1936-1975: J.H. Corbeil 
Corbeil traces its roots to 1936, when Joseph Henri Corbeil founded J.H. Corbeil. Located in St-Lin-Laurentides, the company was a manufacturer of bodies for trucks and buses, shifting to bus body production in 1956. 

Following the 1960 death of Joseph Corbeil, control of J.H. Corbeil shifted to his sons, including Michel Corbeil. During the late 1960s, the company held nearly two-thirds market share of bus body production in Quebec and eastern Canadian provinces. To accommodate increased demand, J.H. Corbeil introduced a larger manufacturing facility in St-Lin-Laurentides (next door to the first factory). 

In 1975 J.H. Corbeil was sold to the Canadian division of Blue Bird, which was converted to manufacture their products under the "Blue Bird Québec" plant name. However, due to the reducing demand, the company closed the plant in the early 1980s, and consolidated its operations at their main plant near Brantford, Ontario.
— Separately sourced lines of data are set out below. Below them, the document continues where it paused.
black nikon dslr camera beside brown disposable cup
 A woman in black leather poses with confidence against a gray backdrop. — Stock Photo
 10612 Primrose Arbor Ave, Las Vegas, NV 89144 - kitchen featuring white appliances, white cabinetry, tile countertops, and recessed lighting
1985-2007: Les Enterprises Michel Corbeil 
In 1985, with several business partners in St-Lin-Laurentides, Michel Corbeil founded Les Enterprises Michel Corbeil, Inc. restarting production in the 7,000 square-foot factory founded by his father in 1936. For the first time, Corbeil produced school bus bodies, specializing in bodies for single rear-wheel cutaway van chassis. By the end of 1985, the company produced 77 bus bodies.

By the end of the 1980s, production of Corbeil buses expanded, with the company replacing its 1930s facility with a 130,000 square-foot factory to accommodate demand. In 1990, the company added bodies for dual rear-wheel van chassis for the first time.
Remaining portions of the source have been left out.